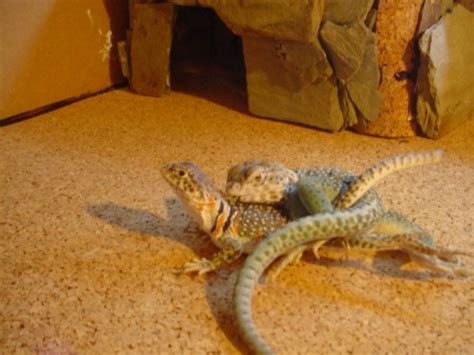 Breeding - All about Collared Lizards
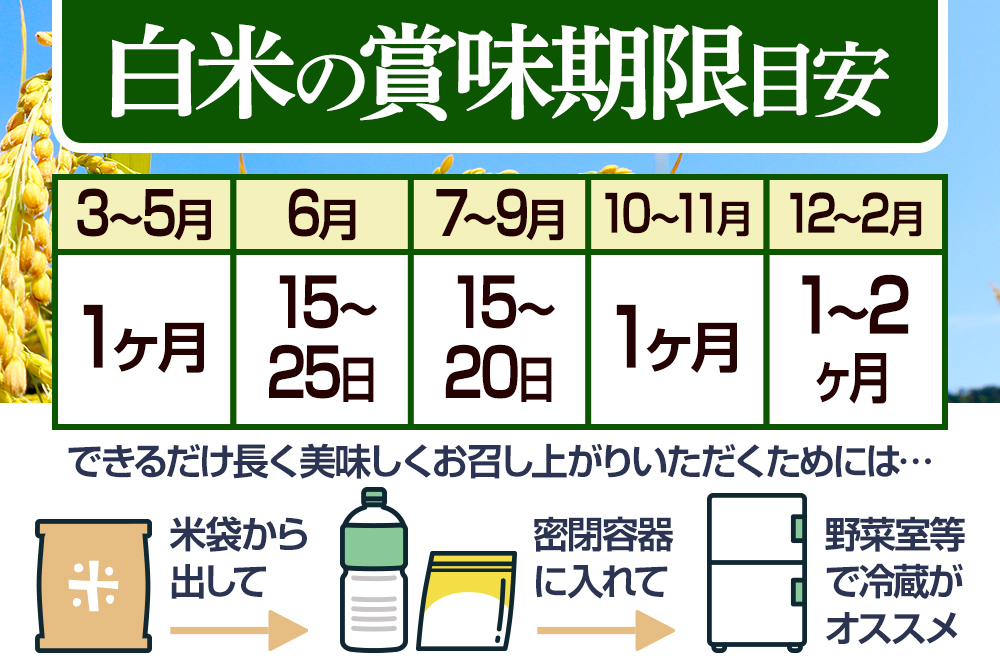 【白米】＜令和8年産 新米予約＞ 《定期便3ヶ月》秋田県産 あきたこまち 20kg (5kg×4袋)×3回 20キロ お米 匠 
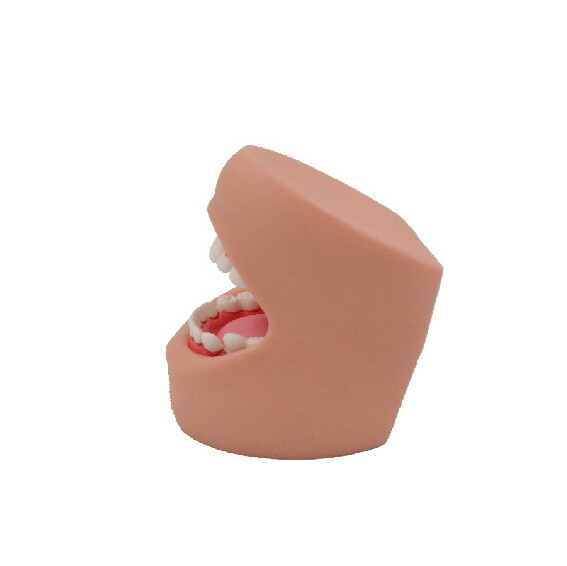 Oral Model Dental Care Model (with Cheeks)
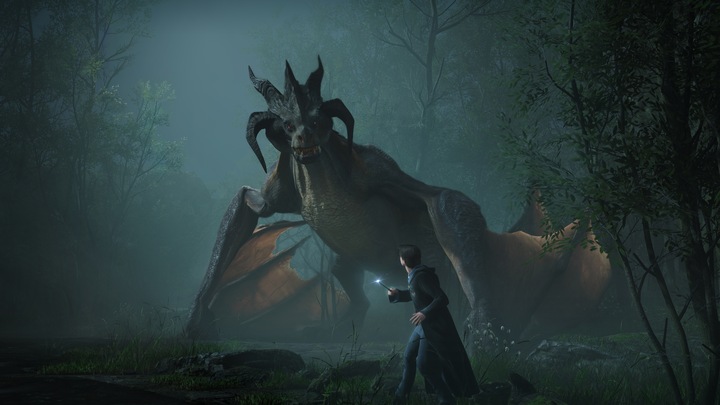 Actual product image WB Hogwarts Legacy (PS5, EN)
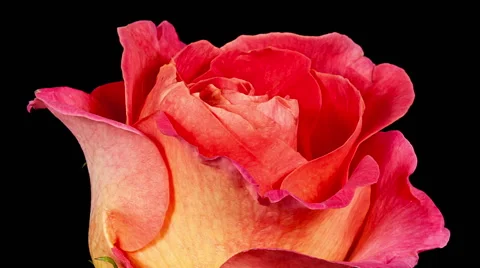 Multi colored orange and yellow rose flower blooming timelapse Stock Footage 45839170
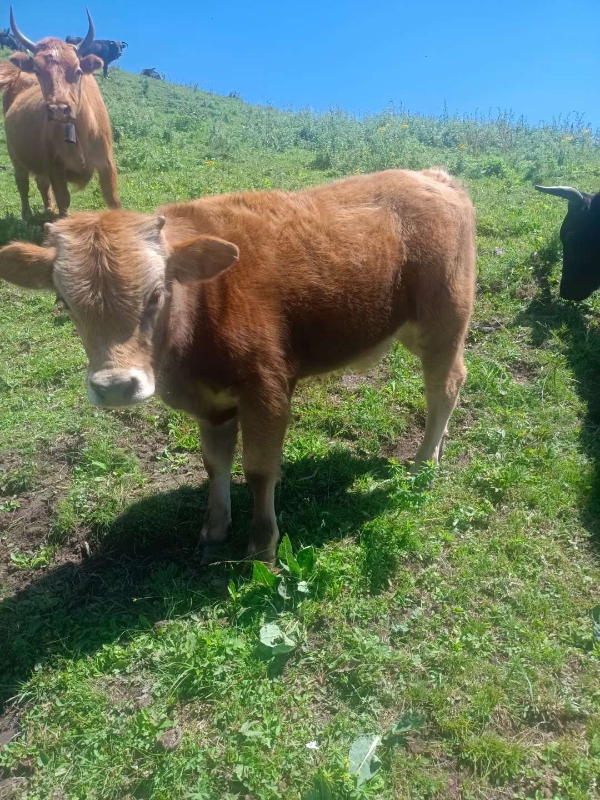 精品改良黄牛犊，吃草吃料的牛犊！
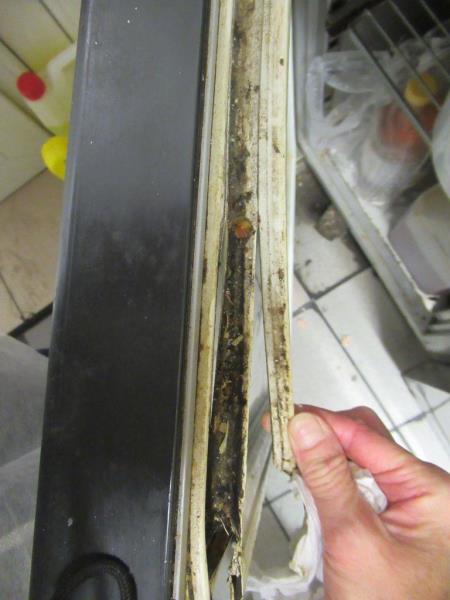 Ilustrační fotografie č. 3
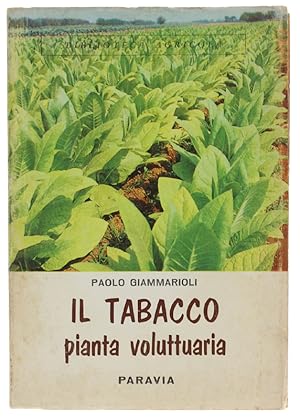 IL TABACCO PIANTA VOLUTTUARIA.:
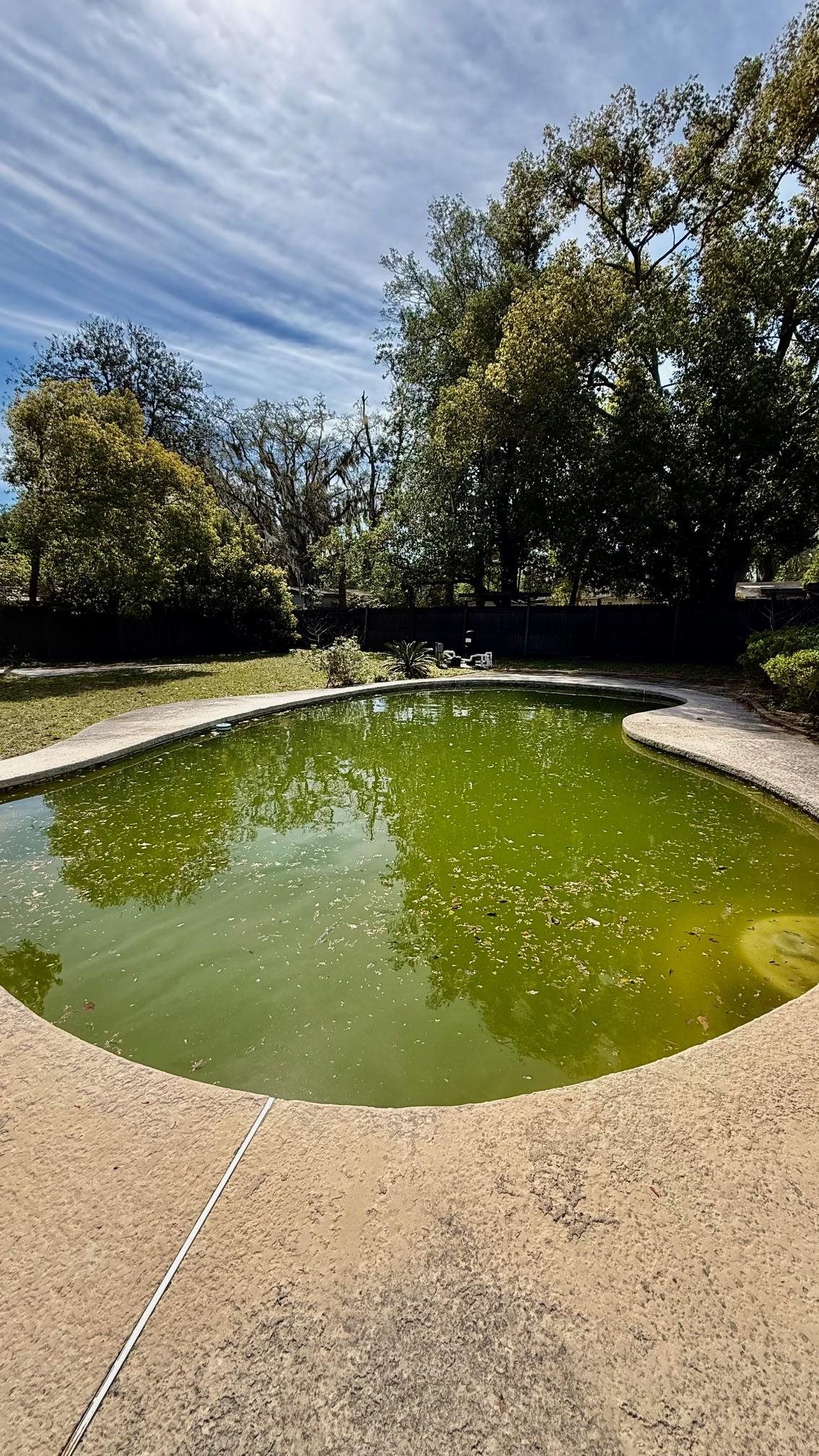 1763 Lawson Road Jacksonville, FL 32246 - Photo 4 of 4 a view of a swimming pool with a garden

----

BRIEF:
The result should be every entry, word for word, and no pictures.

SOLUTION TO THIS TASK:
 Breeding - All about Collared Lizards
 【白米】＜令和8年産 新米予約＞ 《定期便3ヶ月》秋田県産 あきたこまち 20kg (5kg×4袋)×3回 20キロ お米 匠 
 Oral Model Dental Care Model (with Cheeks)
 Actual product image WB Hogwarts Legacy (PS5, EN)
 Multi colored orange and yellow rose flower blooming timelapse Stock Footage 45839170
 精品改良黄牛犊，吃草吃料的牛犊！
 Ilustrační fotografie č. 3
 IL TABACCO PIANTA VOLUTTUARIA.:
 1763 Lawson Road Jacksonville, FL 32246 - Photo 4 of 4 a view of a swimming pool with a garden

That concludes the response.